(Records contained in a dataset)
--*--

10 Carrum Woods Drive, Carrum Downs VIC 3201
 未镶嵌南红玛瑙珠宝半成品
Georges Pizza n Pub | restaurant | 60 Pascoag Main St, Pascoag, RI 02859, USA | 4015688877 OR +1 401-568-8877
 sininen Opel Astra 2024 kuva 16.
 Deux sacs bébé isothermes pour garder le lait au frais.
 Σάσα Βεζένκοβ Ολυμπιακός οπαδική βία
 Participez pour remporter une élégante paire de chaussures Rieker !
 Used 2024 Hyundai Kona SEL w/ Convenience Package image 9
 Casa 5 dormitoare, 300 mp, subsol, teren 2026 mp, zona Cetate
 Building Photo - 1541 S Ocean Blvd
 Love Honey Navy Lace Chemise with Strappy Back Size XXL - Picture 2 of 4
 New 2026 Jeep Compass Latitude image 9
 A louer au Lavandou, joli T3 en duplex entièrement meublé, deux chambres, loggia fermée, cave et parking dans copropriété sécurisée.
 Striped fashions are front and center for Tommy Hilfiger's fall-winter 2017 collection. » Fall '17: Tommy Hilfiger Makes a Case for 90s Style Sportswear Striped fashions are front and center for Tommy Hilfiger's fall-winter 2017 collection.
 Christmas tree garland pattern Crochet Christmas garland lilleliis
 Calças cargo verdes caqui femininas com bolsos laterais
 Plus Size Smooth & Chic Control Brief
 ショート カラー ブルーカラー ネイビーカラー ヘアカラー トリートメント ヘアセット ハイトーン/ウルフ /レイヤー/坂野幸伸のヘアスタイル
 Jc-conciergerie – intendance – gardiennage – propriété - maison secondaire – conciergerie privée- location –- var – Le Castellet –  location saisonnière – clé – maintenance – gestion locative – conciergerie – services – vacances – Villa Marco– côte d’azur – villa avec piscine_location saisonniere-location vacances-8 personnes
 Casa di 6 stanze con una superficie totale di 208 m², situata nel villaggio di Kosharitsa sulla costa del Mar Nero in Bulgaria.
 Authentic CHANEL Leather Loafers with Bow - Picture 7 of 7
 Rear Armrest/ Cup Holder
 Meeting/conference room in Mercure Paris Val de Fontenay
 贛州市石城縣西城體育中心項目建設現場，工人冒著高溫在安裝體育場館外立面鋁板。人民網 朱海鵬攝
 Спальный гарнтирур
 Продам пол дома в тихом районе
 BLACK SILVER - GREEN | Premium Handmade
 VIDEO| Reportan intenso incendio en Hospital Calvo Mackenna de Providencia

--*--

The answer must be all the lines above that hold the word "with".

 Love Honey Navy Lace Chemise with Strappy Back Size XXL - Picture 2 of 4
 Authentic CHANEL Leather Loafers with Bow - Picture 7 of 7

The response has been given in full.